Aim of the exercise: In the entries below, locate the line with "21 Dorey House, High", then give again that line and all lines after it, exactly, with pictures omitted.

Data for analysis:
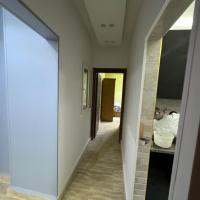 بالقرب من مدينتي شقه مميزه جديده ثلاث غرف وحمامين, hotel poblíž Capital International Airport - CCE, Badr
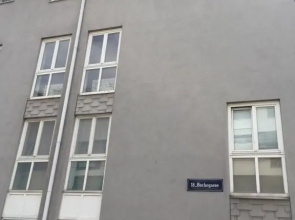 No Smoking, Cozy Apartment in top location 15 min to Center
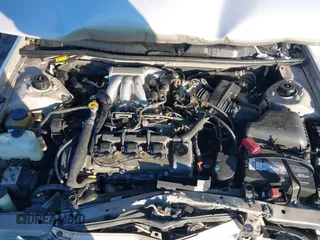 1999 Toyota Camry LE z VIN 4T1BF28K3XU931485, wystawiony jako IAAI lot #41413709 z przebiegiem 148 621 mil mil oraz . Historia ofert i sprzedaży dostępna na DreamBid. Obrazek 10.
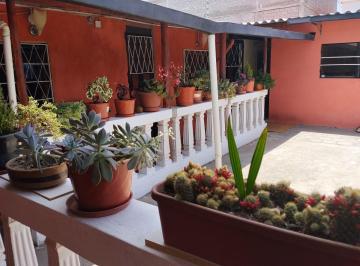 Casa de 2 habitaciones, Quito · Casa de Venta de 60 M&sup2;con 2 Dorm. con Terreno de 250 m²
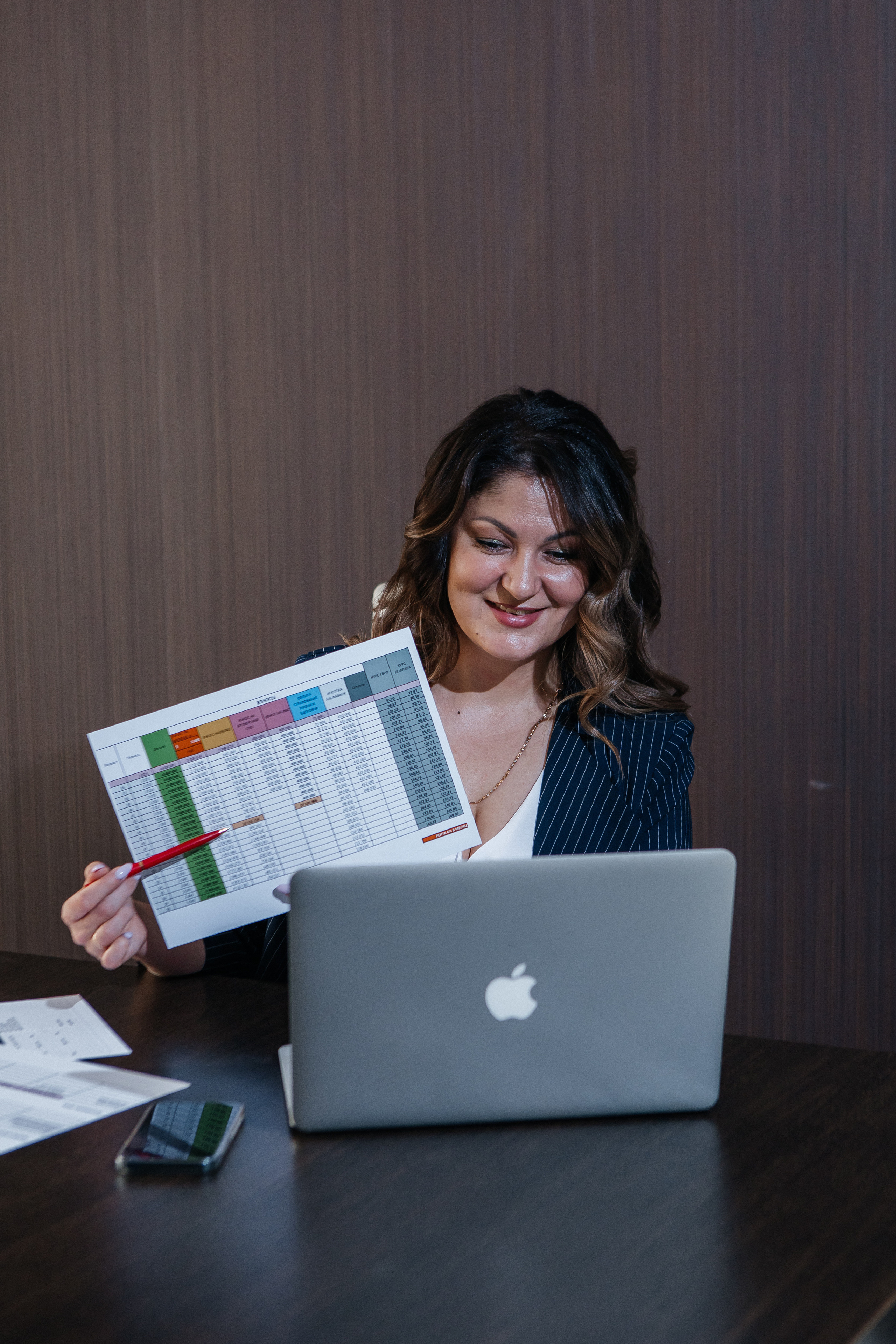 Контент-съёмка для финансового советника Любовь Черёмина. Контент-фотограф в Абакане Наталья Нагибина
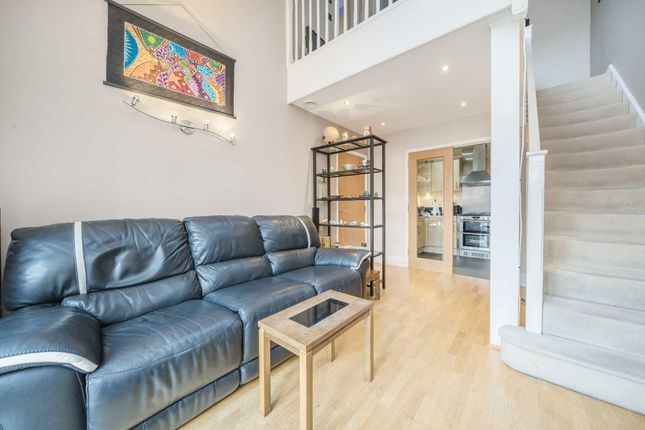21 Dorey House, High Street, Brentford photo 2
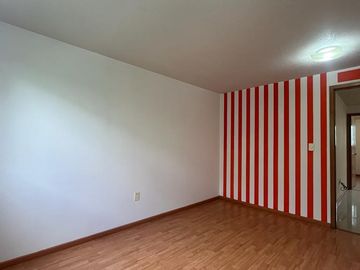 VENTA DE HERMOSA CASA CERCA DEL PERIFERICO EN FRACCIONAMIENTO
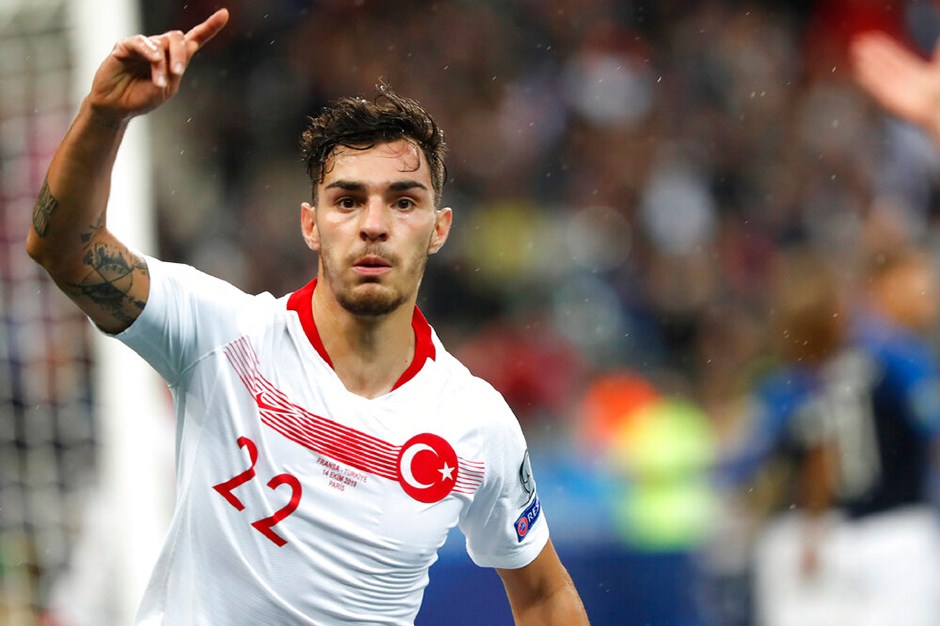Beşiktaş'ın transfer listesindeki Kaan Ayhan için Sassuolo'nun bonservis talebi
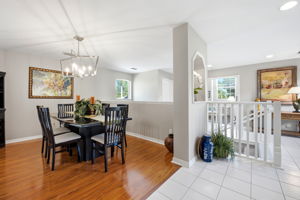 Foyer/Dining Room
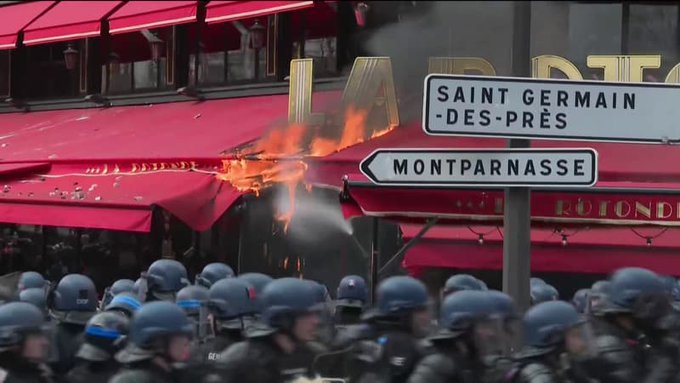 Proteste violente în Franța: Manifestanții au dat foc la restaurantul preferat al lui Macron. Peste 100 de arestări, 154 de polițiști și jandarmi răniți (Video)
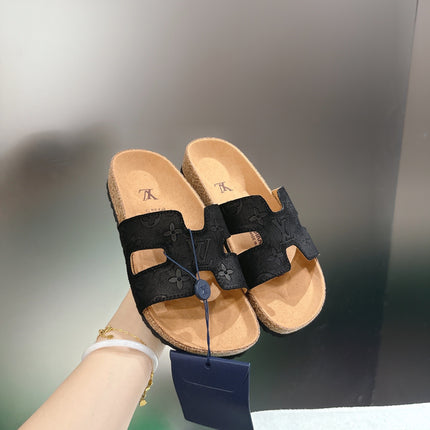 LV 26S SLIDES IN BLACK SUEDE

Task output:
21 Dorey House, High Street, Brentford photo 2
 VENTA DE HERMOSA CASA CERCA DEL PERIFERICO EN FRACCIONAMIENTO
Beşiktaş'ın transfer listesindeki Kaan Ayhan için Sassuolo'nun bonservis talebi
 Foyer/Dining Room
 Proteste violente în Franța: Manifestanții au dat foc la restaurantul preferat al lui Macron. Peste 100 de arestări, 154 de polițiști și jandarmi răniți (Video)
 LV 26S SLIDES IN BLACK SUEDE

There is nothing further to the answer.